This book addresses the topic of playable cities, which use the ‘smartness’ of digital cities to offer their citizens playful events and activities. The contributions presented here examine various aspects of playable cities, including developments in pervasive and urban games, the use of urban data to design games and playful applications, architecture design and playability, and mischief and humor in playable cities.

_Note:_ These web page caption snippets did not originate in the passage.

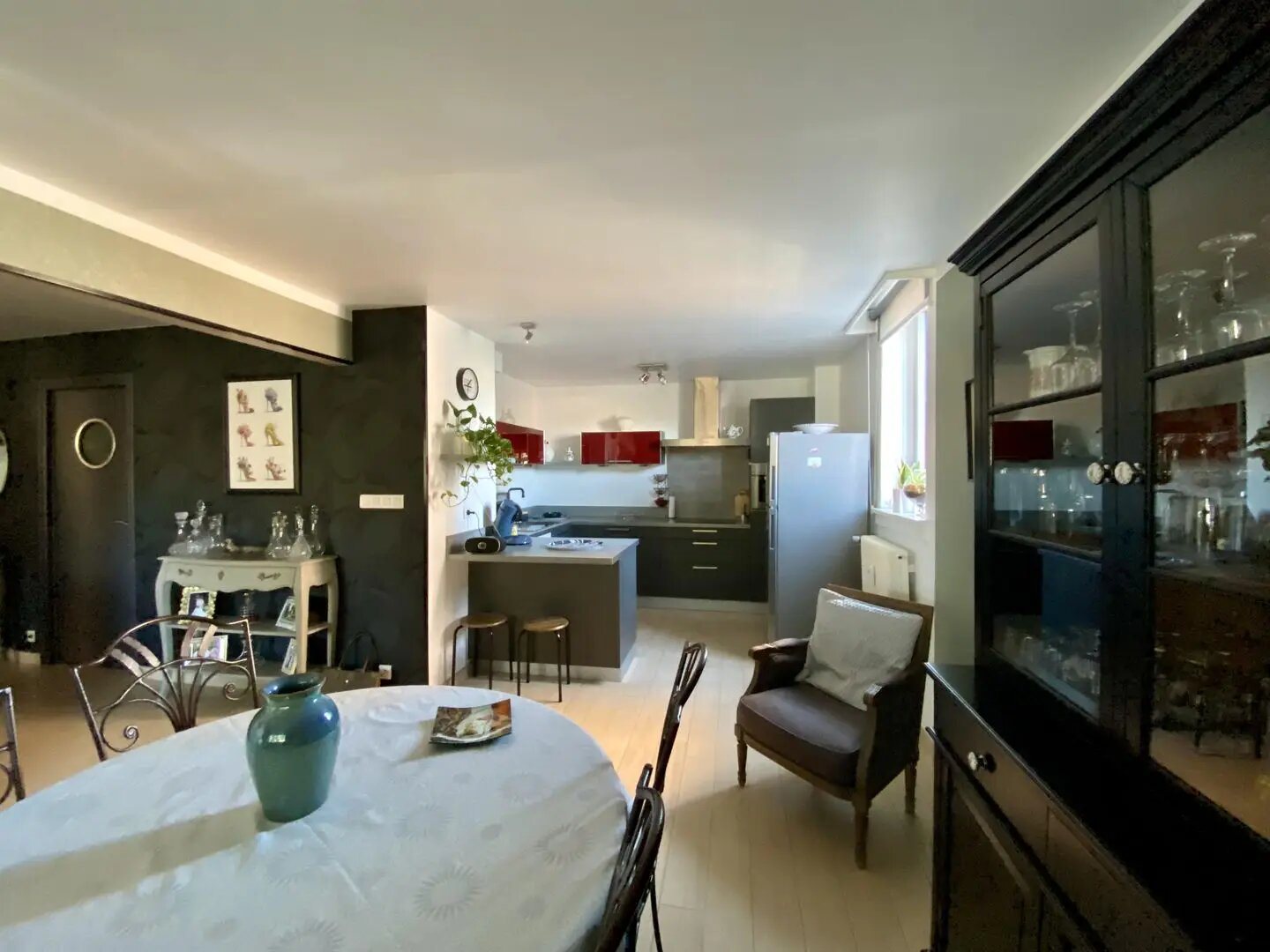 Appartement à vendre, 75m², Valenciennes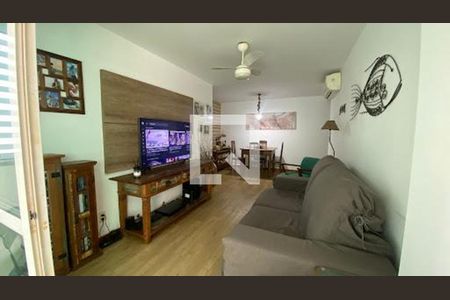 Apartamento à venda com 2 quartos, 82m² em Icaraí, Niterói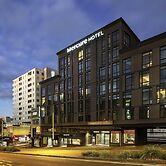 Mercure Auckland Queen Street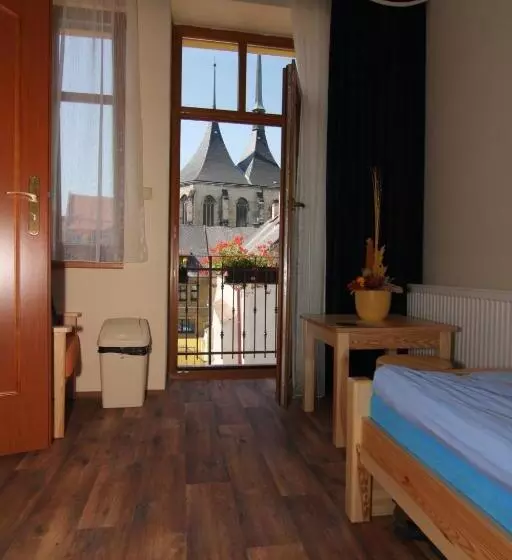 Hotel U Radnice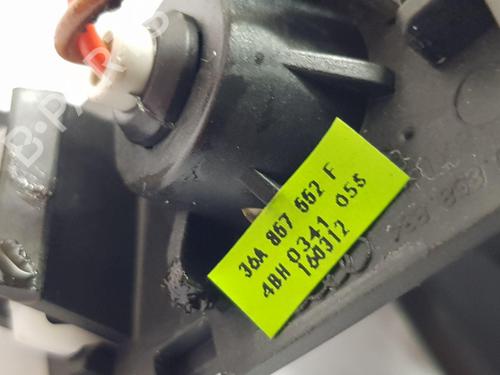 Right sun visor BENTLEY BENTAYGA (4V1) 6.0 | BP22678682I2 - Image 5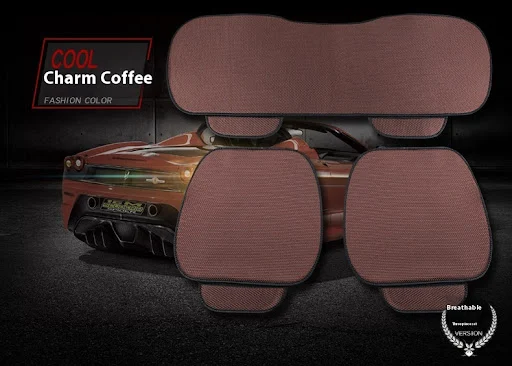Title 12, Four Seasons Universal Non-slip Breathable Car ...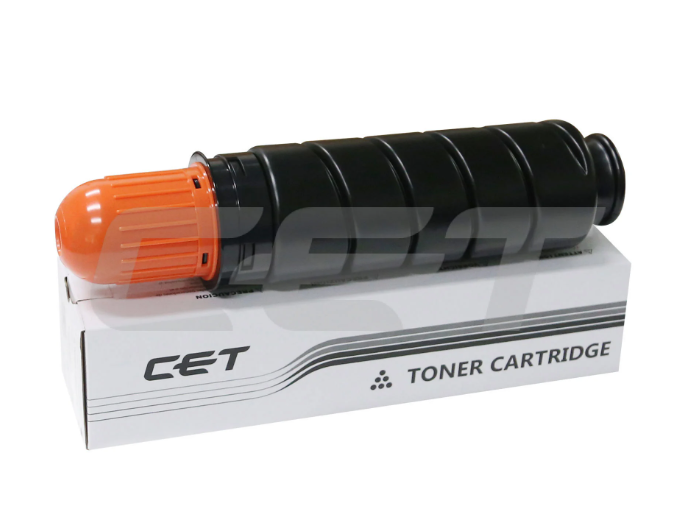 (Compatibile) CET Canon C-EXV37/43 CPP Toner-17K/ 696g #2787B003AA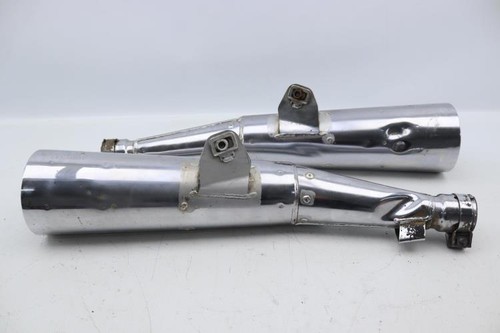 Marmitta per moto YAMAHA 1300 XJR 2002 Per 2003 - Afbeelding 3 van 12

The smartness of digital cities can be found in the sensors and actuators that are embedded in their environment. This smartness allows them to monitor, anticipate and support our activities and increases the efficiency of the cities and our activities. These urban smart technologies can offer citizens playful interactions with streets, buildings, street furniture, traffic, public art and entertainment, large public displays and public events.

Reviews

“In Playable Cities, edited by Anton Nijholt, several researchers pose ideas for ‘smart cities’ - developing current metropolitan hubs to allow citizens to ‘playfully connect with [their] environments, and with one another, by way of environments.’ … Playable Cities contains a lot of interesting, highly descriptive information on the many facets of the research involving smart cities. … the amount of Playable Cities contains will be helpful in leading to further research on smart cities … .” (Brian Couch, Fudan Journal of the Humanities and Social Sciences, Vol. 10, 2017)

Editors and Affiliations

  • Faculty of EEMCS, Human Media Interaction, Universiteit Twente, Faculty of EEMCS, Human Media Interaction, Enschede, The Netherlands

    Anton Nijholt

About the editor

Anton Nijholt studied mathematics and computer science at the Technical University of Delft, the Netherlands and received a Ph.D. degree in theoretical computer science from the Vrije Universiteit, Amsterdam, The Netherlands, in 1980. He is a Professor of Computer Science in the Human Media Interaction group, University of Twente, Enschede, The Netherlands. He held positions at various universities in and outside The Netherlands.
His main research interests are entertainment computing, multimodal interaction, affective computing, and brain–computer interfacing. He has hundreds of scientific publications, including (edited) books on the history of computing, language processing, and brain–computer interfacing. Recently he edited three books: “Playful User Interfaces”, “More Playful User Interfaces” and “Entertaining the Whole World”, all with Springer. He has been a guest-editor for Journal on Multimodal User Interfaces, International Journal of Arts and Technology, Entertainment Computing, International Journal of Creative Interfaces and Computer Graphics (IJCICG) and the Brain-Computer Interfaces journal.

Presently, he is editing a section on Brain-computer Interaction and Games in a Springer Handbook on Digital Games and Entertainment. Professor Nijholt is also Specialty Chief Editor of Frontiers in Human-Media Interaction and (associate) editor of several other journals. He has also served as Program Chair and General Chair for the main international conferences on affective computing, multimodal interaction, virtual agents, and entertainment computing.